If you want to reuse a lot of code, it makes sense to break your library up into smaller submodules; Numpy does this with its less common linear algebra tools, which can be accessed via e.g. import numpy.linalg or from numpy import linalg. Such a library composed of multiple source files (modules) bundled together is called a package. If we wanted to make an example package, we can simply run

mkdir example
mv example.py example/__init__.py

We can then run import example again within python just as before. This works because Python treats a directory containing an __init__.py file as if it were a module of the same name. Unlike a module, however, we can add additional submodules and subpackages to a package; for example, if we add a submodule examples.constants and a subpackage examples.utils, our entire package's directory structure will now look like:

example
├── __init__.py
├── constants.py
└── utils
    └── __init__.py

You can continue this recursively as needed, building out a nicely organized library.

PICK AN IDE/EDITOR
------------------

You don't really need an integrated development environment (IDE, i.e. a program for editing and running your code) for python dev, since ipython, Jupyter, ripgrep, and your favorite text editor can handle 98% of what you'd need an IDE for. If you're command-line savvy and have a favorite text editor, you can keep using your favorite tools quite easily.

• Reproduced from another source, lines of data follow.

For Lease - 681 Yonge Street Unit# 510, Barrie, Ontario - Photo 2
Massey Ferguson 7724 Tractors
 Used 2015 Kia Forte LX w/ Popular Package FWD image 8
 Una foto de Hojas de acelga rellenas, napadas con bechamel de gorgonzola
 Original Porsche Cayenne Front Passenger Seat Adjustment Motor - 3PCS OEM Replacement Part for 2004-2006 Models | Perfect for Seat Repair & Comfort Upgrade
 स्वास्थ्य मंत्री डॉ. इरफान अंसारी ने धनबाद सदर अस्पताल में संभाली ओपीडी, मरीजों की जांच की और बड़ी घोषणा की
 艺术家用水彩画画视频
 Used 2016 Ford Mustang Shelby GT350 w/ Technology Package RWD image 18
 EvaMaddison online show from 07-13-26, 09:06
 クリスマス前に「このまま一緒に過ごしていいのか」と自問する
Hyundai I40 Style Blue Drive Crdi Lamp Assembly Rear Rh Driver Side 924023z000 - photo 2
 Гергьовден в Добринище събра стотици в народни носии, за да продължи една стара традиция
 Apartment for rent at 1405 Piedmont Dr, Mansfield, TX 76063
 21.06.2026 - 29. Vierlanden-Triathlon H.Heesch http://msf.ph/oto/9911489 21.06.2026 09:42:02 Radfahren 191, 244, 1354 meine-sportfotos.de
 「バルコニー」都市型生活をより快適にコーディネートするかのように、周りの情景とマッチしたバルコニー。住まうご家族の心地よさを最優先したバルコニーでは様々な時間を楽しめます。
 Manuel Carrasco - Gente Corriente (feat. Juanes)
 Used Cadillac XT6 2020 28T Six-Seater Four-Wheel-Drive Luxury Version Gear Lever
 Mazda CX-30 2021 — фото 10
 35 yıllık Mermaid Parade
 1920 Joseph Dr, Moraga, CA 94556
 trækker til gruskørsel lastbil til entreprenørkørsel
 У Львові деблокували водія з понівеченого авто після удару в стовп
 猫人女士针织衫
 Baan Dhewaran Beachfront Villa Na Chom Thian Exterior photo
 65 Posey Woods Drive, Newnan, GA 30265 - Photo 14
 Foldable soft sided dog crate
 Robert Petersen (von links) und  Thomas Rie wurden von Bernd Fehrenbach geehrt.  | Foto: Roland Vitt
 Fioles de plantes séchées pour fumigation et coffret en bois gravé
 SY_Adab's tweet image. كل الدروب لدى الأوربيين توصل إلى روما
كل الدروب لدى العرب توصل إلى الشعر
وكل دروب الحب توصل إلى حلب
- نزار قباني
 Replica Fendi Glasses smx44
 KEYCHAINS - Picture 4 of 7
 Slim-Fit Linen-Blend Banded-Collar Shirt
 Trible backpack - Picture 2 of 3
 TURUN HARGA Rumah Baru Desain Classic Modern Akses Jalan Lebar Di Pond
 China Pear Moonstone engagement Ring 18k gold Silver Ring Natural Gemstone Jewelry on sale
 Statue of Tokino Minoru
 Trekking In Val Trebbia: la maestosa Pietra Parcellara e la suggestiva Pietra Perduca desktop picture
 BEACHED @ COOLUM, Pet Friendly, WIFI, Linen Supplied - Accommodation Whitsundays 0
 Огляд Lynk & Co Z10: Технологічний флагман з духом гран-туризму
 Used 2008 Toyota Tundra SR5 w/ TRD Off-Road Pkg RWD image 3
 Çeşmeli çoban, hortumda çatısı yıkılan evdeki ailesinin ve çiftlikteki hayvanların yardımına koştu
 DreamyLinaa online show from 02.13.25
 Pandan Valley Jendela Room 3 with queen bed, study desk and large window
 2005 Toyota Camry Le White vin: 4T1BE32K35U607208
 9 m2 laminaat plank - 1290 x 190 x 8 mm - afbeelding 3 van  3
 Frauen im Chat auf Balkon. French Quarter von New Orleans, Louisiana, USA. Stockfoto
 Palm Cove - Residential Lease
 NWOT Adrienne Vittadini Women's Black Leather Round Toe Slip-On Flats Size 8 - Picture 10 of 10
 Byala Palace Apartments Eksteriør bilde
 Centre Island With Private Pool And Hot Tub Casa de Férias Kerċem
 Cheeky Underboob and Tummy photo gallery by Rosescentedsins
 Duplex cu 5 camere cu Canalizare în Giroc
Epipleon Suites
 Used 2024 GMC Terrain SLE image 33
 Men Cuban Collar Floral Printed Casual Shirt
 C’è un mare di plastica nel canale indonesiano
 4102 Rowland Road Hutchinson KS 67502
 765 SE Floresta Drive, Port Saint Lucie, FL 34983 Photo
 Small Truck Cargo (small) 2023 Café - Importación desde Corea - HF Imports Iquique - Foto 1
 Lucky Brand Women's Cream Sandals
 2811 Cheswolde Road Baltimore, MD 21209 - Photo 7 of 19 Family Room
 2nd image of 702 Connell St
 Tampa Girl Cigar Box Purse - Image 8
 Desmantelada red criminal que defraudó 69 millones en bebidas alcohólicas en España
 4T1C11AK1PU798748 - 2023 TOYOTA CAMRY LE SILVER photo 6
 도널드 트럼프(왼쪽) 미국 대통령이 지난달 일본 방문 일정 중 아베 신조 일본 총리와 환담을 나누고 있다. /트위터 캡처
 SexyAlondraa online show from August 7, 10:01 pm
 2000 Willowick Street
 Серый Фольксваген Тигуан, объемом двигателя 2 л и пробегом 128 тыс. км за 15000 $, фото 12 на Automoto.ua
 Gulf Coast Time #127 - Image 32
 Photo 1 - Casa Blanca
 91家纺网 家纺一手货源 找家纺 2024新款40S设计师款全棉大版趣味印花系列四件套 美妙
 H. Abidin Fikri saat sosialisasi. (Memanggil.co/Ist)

If you're not yet a command-line guru, however, you should try a nice IDE like PyCharm. It has great code exploration, debugging, and running/testing tools built in, with full support for various arcane interpreter setups (in case you need to deviate in the future from the set up I suggest in this post), and is cross-platform. The community version is free and adequate for most purposes.

------------------------------------------------------------

[1] Seasoned python devs might correctly observe that you could simply use a virtualenv. This is a valid technique, but it does not solve the related problem of picking and installing an interpreter (let alone managing multiple versions), nor of the limitations of pip or the inconvenience of having virtual environments scattered all over your dev folders. pipenv uses virtualenv and tracks your dependencies automatically, but anything that pipenv is capable of automatically tracking is going to be very easy to track or reconstruct manually, reducing it's utility (not to mention it was slow and buggy last I used it) [3].

[2] You can easily install jq with e.g. brew install jq (MacOS using Homebrew) or choco install jq (Windows using Chocolatey); see react 0 to 1 for relevant links.

[3] If the latter is critical to getting your code to work, however, you might want to go one step further and immortalize your environment in a docker image. It's more work, but for some numerical/scientific environments, it's the only convenient way to have a portable and reusable environment for running your code.

[4] Update: this still seems to be true in 2022.